Check out the Urban Earth ning for photos and videos from other people who were there!

Vital statistics
Map: URBAN EARTH: MANCHESTER
Location: From Shaw& Crompton station to Deansgate
Date zedded: 18 April 2009
A to Z: (approximately) page 57 squares 1F, 1G, 1H, 2E; page 56 squares 3D, 4C, 5C, 5B, 6B, 6A; page 55 squares 6H, 6G; page 71 squares 1F, 1E; page 70 squares 1D, 2C, 3B, 4B, 4A; page 69 squares 4H, 5H, 5G, 6G, 6F; page 83 squares 1F, 2F, 3E, 4E; page 82 squares 4D, 5D, 6D, 6C; page 95 squares 1E, 2E, 3E; page 94 squares 3D, 4D
Getting there: train from Victoria station
Squares this expedition: 37!
Running total: 83

April 23, 2009 at 11:02 pm Leave a comment

Fifteen minutes of fame?

Sitting at home recovering from doing half of Manchester Sunrise (proper blog about that later in the week), and found out to my delight that we’ve made it into the pages of the New Statesman. Looks like we’ll get a mention in a book too.

I particularly like this comment about online psychogeographers: ‘these bloggers tend to be collaborative and tentative, more willing to explore mundanity for its own sake. For them, the city does not yield up its psychogeographic secrets readily; sometimes a bus shelter is just a bus shelter, not a site of ancient or occult significance.’ 

Amen to that.

Liam

April 19, 2009 at 12:37 pm Leave a comment

More Birmingham psychogeography

There was a big project in Birmingham where people spent 11 hours on the 11th of November riding around the number 11 outer circle bus route, producing art, blogging, photos, and so on.

 

There’s a psychogeographical report on it here.

December 1, 2008 at 12:46 pm Leave a comment

Another psychogeographer

By Liam

Just been pointed to another blogging psychogeographer: London Cross.

This guy’s describing a walk across London in two big straight lines. Similar idea to zedding, I think. He wants to make it a book too – maybe we should be talking to publishers about this blog…

April 29, 2008 at 10:54 am Leave a comment

Zedding is an academic discipline!

By Liam

After zedding Boggart Hole Clough, we discovered that another person, oddly enough, had done a similar exploration just a few weeks before.

John Davies, a vicar from Liverpool, spent two months walking the M62 corridor and blogging about it. He’s now publishing it as a book. Like us, he spent a day fruitlessly searching for boggarts.

Now this is odd enough, but it then turns out that the guy is a supporter of CAP (who I work for).
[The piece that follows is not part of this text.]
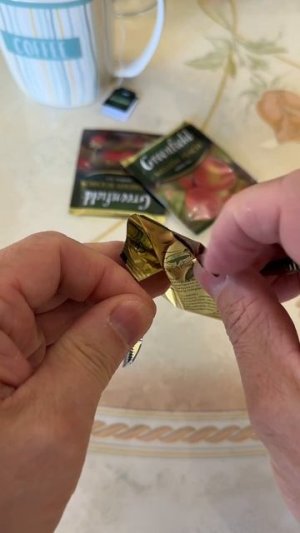 How to open a tea bag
I saw him speak at an event back in February, looked him up afterwards and made the link. Then I met him again today at an event in Manchester. 

I got talking to him about boggarts and tried to explain about zedding. (Figuring that anyone crazy enough to walk the M62 corridor and turn it into a book might just get it.) And he told me that there are people who do this kind of thing and treat it as situationist art, or an academic discipline. It’s called psychogeography.

Wkipedia says psychogeography is:

‘the study of the precise laws and specific effects of the geographical environment, consciously organized or not, on the emotions and behavior of individuals’ or ‘a slightly stuffy term that’s been applied to a whole toy box full of playful, inventive strategies for exploring cities. Psychogeography includes just about anything that takes pedestrians off their predictable paths and jolts them into a new awareness of the urban landscape.’

Zedding is essentially a dérive (drift): ‘an aimless walk, probably through city streets, that follows the whim of the moment’. We are walking in the footsteps of the Dadaists, the Sitiuationists and Baudelaire! Psychogeography is also ‘an art of conversation and drunkenness’, which fits zedding pretty much perfectly.

Anyway, Manchester seems to be a pretty big centre for psychogeography. There used to be a psychogeography society here, who apparently once levitated the corn exchange. (Can’t find a live web link for that, but would love to know more…)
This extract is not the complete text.